In comparison to labeled datasets, unlabeled datasets are both much more easily available and larger in size for many ethnic groups speaking a second language. This vast amount of unlabeled data could theoretically be used to develop a method for training classifiers in the recognition of non-native speech.

Our research hypothesis states that it is possible to create a method that uses unlabeled datasets of two speech-related domains: speech samples without corresponding transcripts and text corpora without corresponding speech samples, to train speech recognition classifiers in a way which is as efficient and accurate as training methods provided by traditional solutions. The unlabeled data used in our method is far cheaper and easier to obtain and it usually comes in larger amounts than labeled data required by the traditional methods that have been widely used until now. The methodology we used in our experiments is based on the dual supervised learning (DSL) technique [12]. It exploits the fact that speech recognition and speech synthesis are complementary to each other.

2.2 Methodology used in this research

DSL is a concept introduced by Xia [12]. It is based on the acknowledgement that numerous supervised learning tasks emerge in dual forms (e.g., English-to-French and French-to-English translation, speech recognition and synthesis, image classification and image generation, etc.). The dual tasks have intrinsic connections to each other due to the probabilistic correlation between their models.

To exploit the duality, a new learning scheme which involves two tasks—a primal task and its dual task—can be formulated. The primal task takes a sample from space X as input and maps to space Y, and the dual task takes a sample from space Y as input and maps to space X. Using the language of probability, the primal task learns a conditional distribution P(y|x;θxy) parameterized by θxy, and the dual task learns a conditional distribution P(x|y;θyx) parameterized by θyx, where xX and yY. In the new scheme, the dual tasks are jointly learned and their structural relationship is exploited to improve the learning effectiveness.

DSL for machine translation (e.g., English to French) has already been tackled successfully [12]. The researchers have shown that it is possible to create a similar algorithm which could train a fully functional and accurate translation system using the dual characteristics of the problem. In our study, we employed and adjusted this methodology to the domain of text and sound: text to speech (TTS) and speech to text (STT).

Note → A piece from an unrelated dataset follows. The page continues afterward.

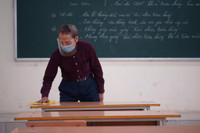 Trường học Hà Nội hối hả dọn dẹp để đón học sinh trở lại trường từ 6/12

The idea is based on reinforcement learning algorithms, which do not require data in the same form that supervised learning does. All we need are two unlabeled datasets. One dataset is a set of speech recordings by non-native speakers of L language who belong to N nationality. The second one is text corpora of the L language.

2.3 Applied models

We are going to exploit the easy access to unlabeled datasets in order to train two separate models. One model is a language one (ML). It is created solely with a text corpus. There are two required functionalities: (1) the possibility to generate a new sentence in textual form in that language and (2) the possibility to estimate a probability score for a given sentence in that language (i.e., how natural a given sentence is, according to the language model).

The second model is an acoustic one (MS). It is created with only unlabeled speech recording datasets. We would like it to have a similar functionality as the first model, but for the speech domain. Namely, we want it to be able to synthesize a new recording from the represented sound distribution as well as estimate the probability score for a given sound sequence, saying how accurately the sound sequence can be recognized as speech according to the acoustic model. The two models were trained separately, in isolation from any other models, during the separate tasks of language modeling and acoustic modeling, respectively. The DSL methodology was not yet used at this point. In the training processes of the two models, only unlabeled datasets were utilized. In the language model, a text corpus was used. In the acoustic model, a set of speech recordings was used. After training, each of those models had the ability to generate a random sample from the learned probability distribution and to estimate a likelihood score of a sample, with respect to the learned probability distribution. In the language model, the sample becomes a textual sentence, and in the acoustic model, the sample is a soundwave, a recording of a speech.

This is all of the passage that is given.